It’s this grief that’s examined here, as 12-year-old Conor (Lewis MacDougall) deals with his mum’s (Felicity Jones) terminal illness. Feeling lost and helpless, he is visited by a monster – a giant yew tree (voiced by Liam Neeson) brought to life from the local cemetery. The monster offers to tell Conor three stories, (beautifully rendered by illustrator Jim Kay), giving the boy a momentary escape from the devastation not helped by an absent father (Toby Kebell), a distant grandmother (Sigourney Weaver) and the local bullies.

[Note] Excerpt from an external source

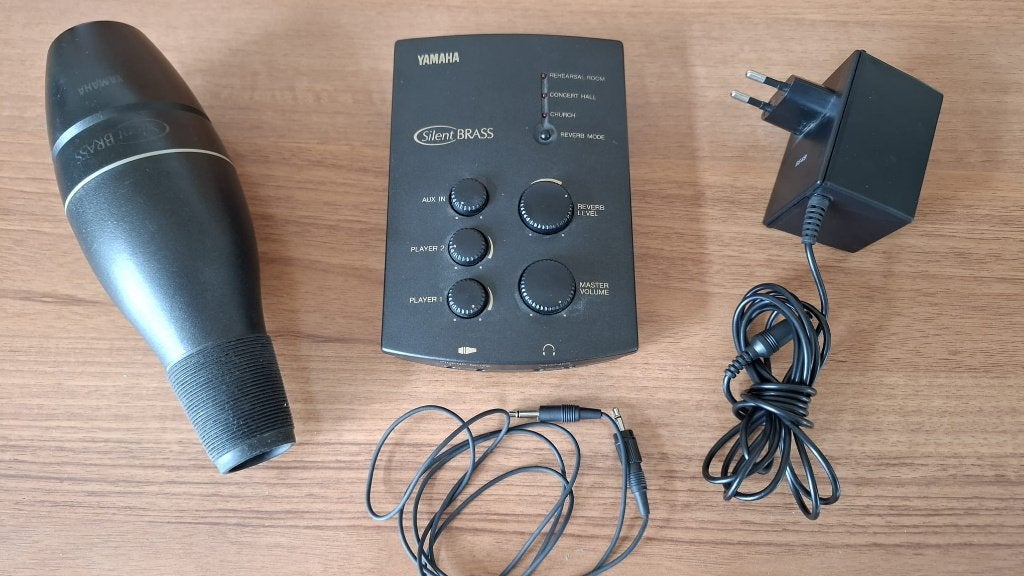 Yamaha SB7 silent brass demper trompet, Ophalen of Verzenden, Gebruikt, Bes-trompet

Given the emotional nature of the story, it never once manipulates its audience, never once lies to you – it only tells the truth and in that darkness – in not veering towards the saccharine – it becomes something profound and in a way life changing. Director J.A. Bayona (The Impossible) and writer Patrick Ness work in perfect synchronicity – Bayona completely getting what Ness was going for and capturing it with a magical touch, a perfect mix of fantasy and reality. Had another writer taken Ness’ 2011 novel (based on an original idea by Siobhan Dowd), it may have lost some of the darkness. With Ness’ pen it retains all its bite, humour and heart.

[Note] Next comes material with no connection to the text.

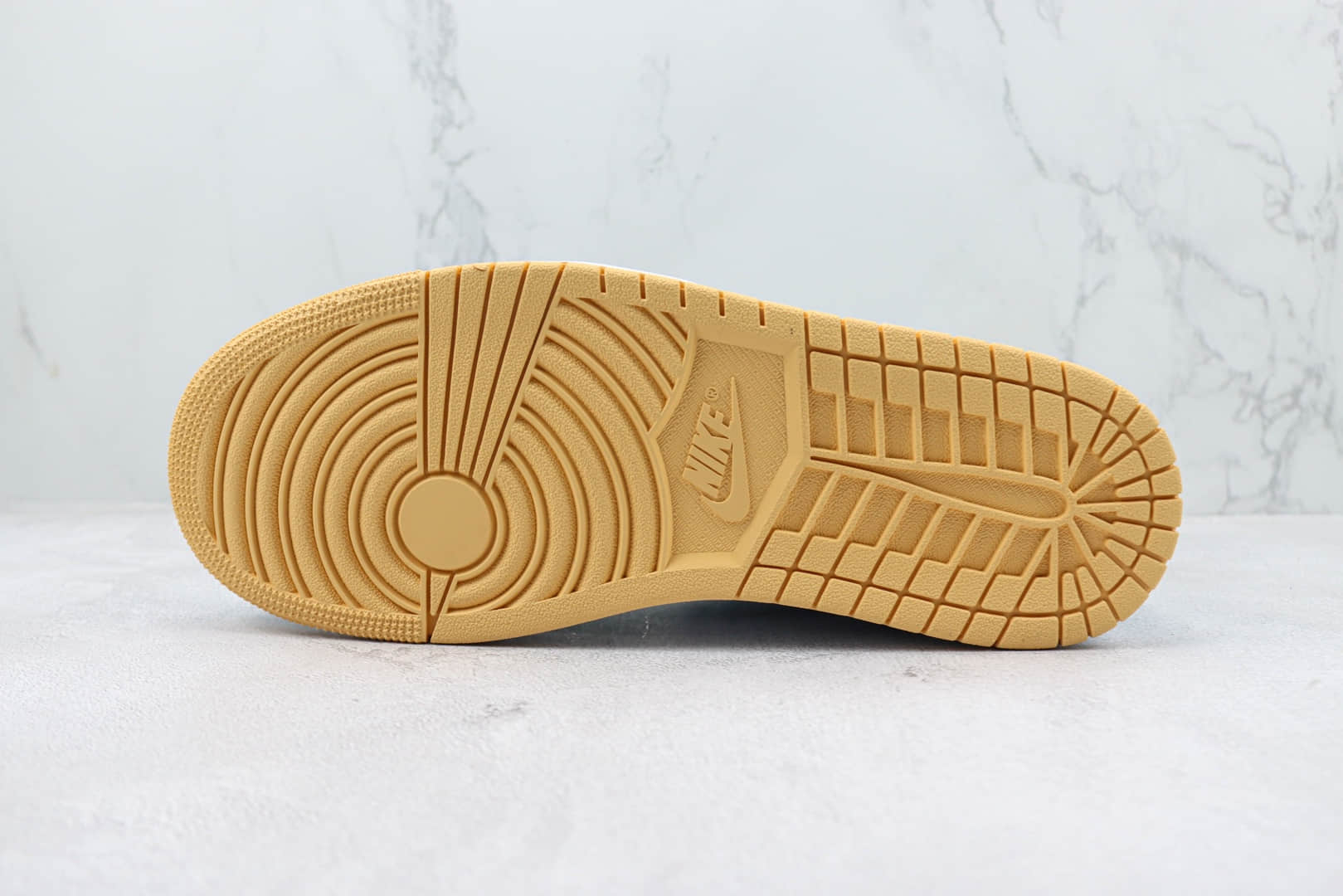 乔丹Air Jordan 1 Mid纯原版本中帮AJ1蓝白色篮球鞋 莆田天花板AJ1系列 货号：DQ8426-400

Neeson’s performance as the monster is staggering. His voice and the power of his words are stunning, his movements perfectly captured in CGI. Lewis MacDougall is heart wrenching as Conor and Felicity Jones heart breaking as the mother who knows she is leaving her son forever. In speaking about death and grief, A Monster Calls reaches deep into you, healing with its honesty. To grieve is to be human, to love, to laugh, to cry. While its normal to suppress grief, push the pain down, A Monster Calls allows it to bubble to the surface and leaves it respectfully with the audience to process as they will.
Regardless of how personally bound to the story you may be, it is a powerful watch and those just looking for a thought provoking, imaginative and entertaining (for it is) spectacle could do no better for it is as sure a perfect film as has come along in some time. In a word, astounding.